Memorial Art Gallery
500 University Avenue
Rochester, NY 14607
Abstract: More archaeology was done in Rome under the Fascists than at any time before or since. Major sites were excavated in all parts of the City. New museums were created. Many important finds were made. The aim of the archaeology was to increase the regime’s identification with ancient Rome. Mussolini liked to play the ‘new Caesar’ and ‘new Augustus’ against the background of ancient ruins. While the excavations were extensive, the quality of the work was often poor and much important information was lost. Since the fall of fascism, Mussolini’s archaeology has remained a source of controversy and of corrective action. This talk will consider both the fascist archaeological program and the changing post-war reactions to it.

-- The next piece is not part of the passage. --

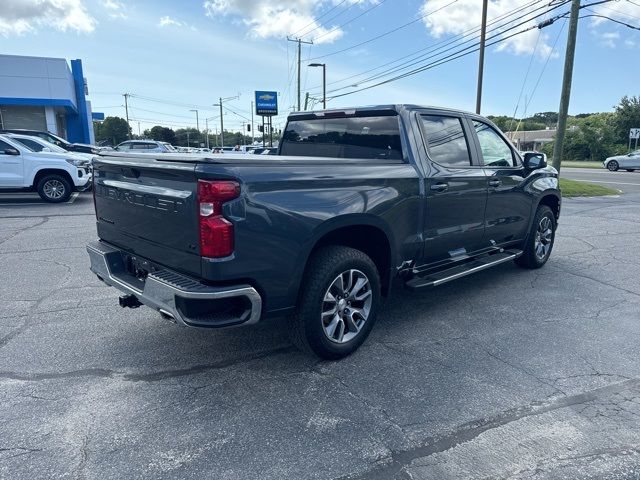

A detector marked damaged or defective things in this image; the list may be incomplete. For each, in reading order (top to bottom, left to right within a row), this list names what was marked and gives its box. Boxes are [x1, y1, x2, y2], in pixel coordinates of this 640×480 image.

cracked asphalt [1, 193, 640, 478] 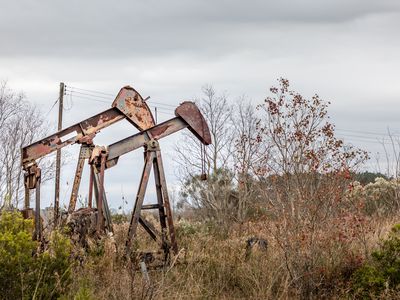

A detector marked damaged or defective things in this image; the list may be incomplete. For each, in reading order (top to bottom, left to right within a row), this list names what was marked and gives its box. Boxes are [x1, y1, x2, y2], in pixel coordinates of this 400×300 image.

Research: Our speaker will be Stephen L. Dyson, Park Professor of Classics, University at Buffalo. Professor Dyson has devoted much of his career to the history and archaeology of the City of Rome, the archaeology of Roman Italy and the western empire, the history and theory of archaeology, Roman social history, the Roman countryside and most matters Roman. He was awarded a grant for archeological research from the National Endowment for the Humanities. In addition to being a Distinguished Professor, he has served as President both of the Archaeological Institute of America and of the Classical Association of the American Academy in Rome. Dr. Dyson earned his Diploma in Classical Archaeology from Oxford University and his M.A. and Ph.D. from Yale University.